Madame Ferrars les vit quelquefois et se conduisit décemment avec eux;
mais ils ne furent pas insultés par sa préférence, elle ne pouvait
l'accorder au vrai mérite. La fatuité de Robert et les flatteries de sa
femme l'obtinrent encore. Les mêmes moyens que Lucy avait employés pour
faire tomber Robert dans le piége, furent pratiqués pour rentrer dans la
faveur de sa mère, dès qu'il lui fut possible d'en approcher, et elle
mit beaucoup d'art pour l'obtenir; elle feignit d'être malade au point
d'en mourir.
Madame Ferrars qui déjà avait pardonné à Robert, et qui le recevait
quelquefois, céda à ses sollicitations pour aller voir sa femme,
espérant en être bientôt débarrassée. Dès-lors elle ne tarda pas à être
guérie, et sa respectueuse humilité, ses attentions assidues pour la
vieille dame et son petit chien, ses flatteries sans fin,
réconcilièrent madame Ferrars sur le choix de son fils, et si
promptement que Lucy devint aussi nécessaire que Robert à sa belle-mère
qui l'aima même mieux que Fanny.

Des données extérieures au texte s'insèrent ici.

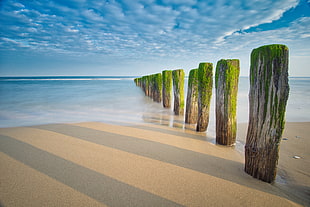 brown wooden pilars, beach, France, atlantic ocean, blue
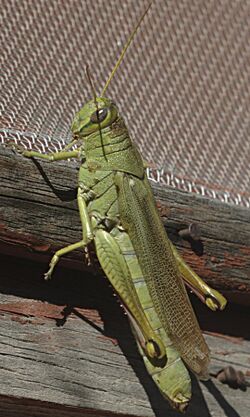 Schistocerca shoshone female.jpg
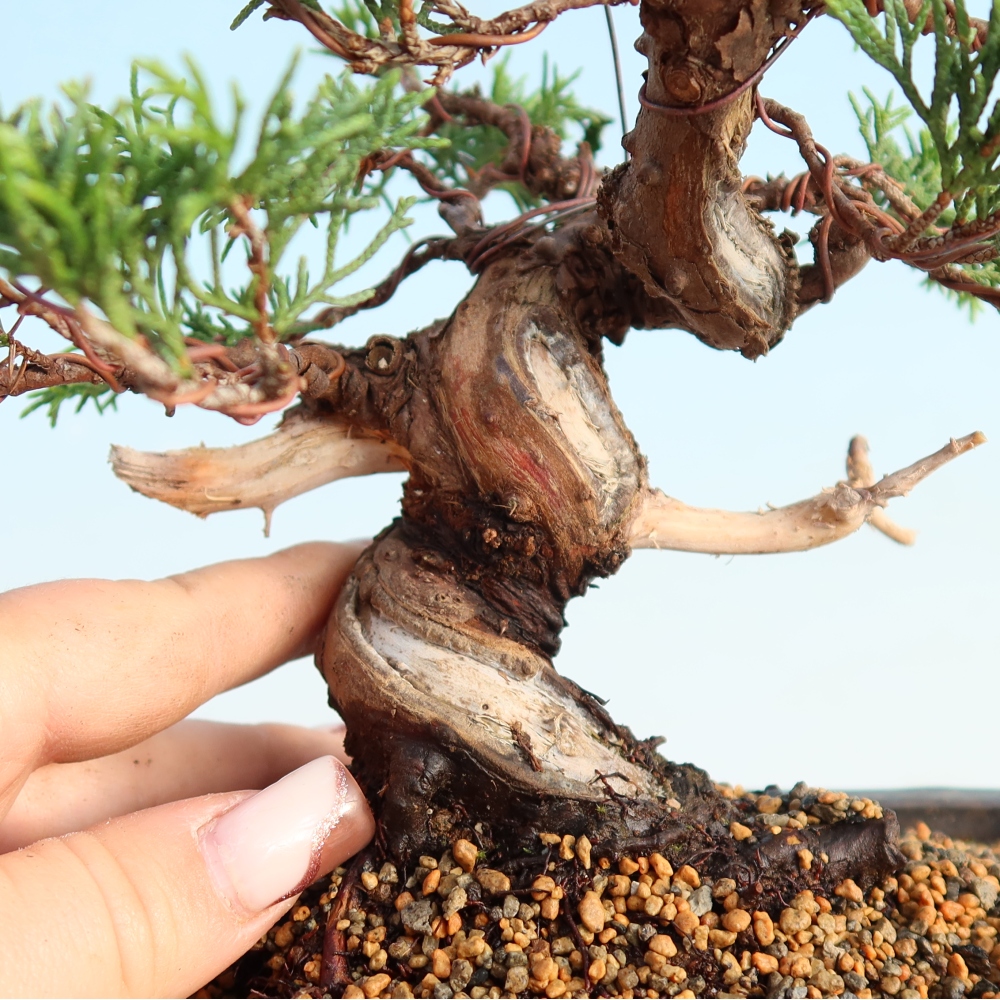 Outdoor bonsai - Juniperus chinensis Itoigawa - Jałowiec chiński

Ils s'établirent à Londres, reçurent
mille libéralités de madame Ferrars, furent dans les meilleurs termes
avec les Dashwood en apparence. Mais la jalousie de Fanny, la légèreté
de Robert, le mauvais esprit de Lucy les rendirent malheureux malgré
leurs richesses; tandis que dans le presbytère de Delafort tout était
bonheur et jouissances. L'attachement de ses habitans s'augmentait tous
les jours. Ils n'avaient aucun besoin factice. Rien ne les entraînait
hors de chez eux, et loin de ne pas se croire assez riches, ils avaient
encore de quoi aider les malheureux. Robert au contraire faisait des
dettes, mangeait d'avance ce qu'il attendait encore de sa mère, et se
préparait un avenir bien triste, associé à une femme à qui il ne
resterait rien et dont la physionomie animée ne serait plus que
l'expression de la méchanceté quand elle aurait perdu sa fraîcheur.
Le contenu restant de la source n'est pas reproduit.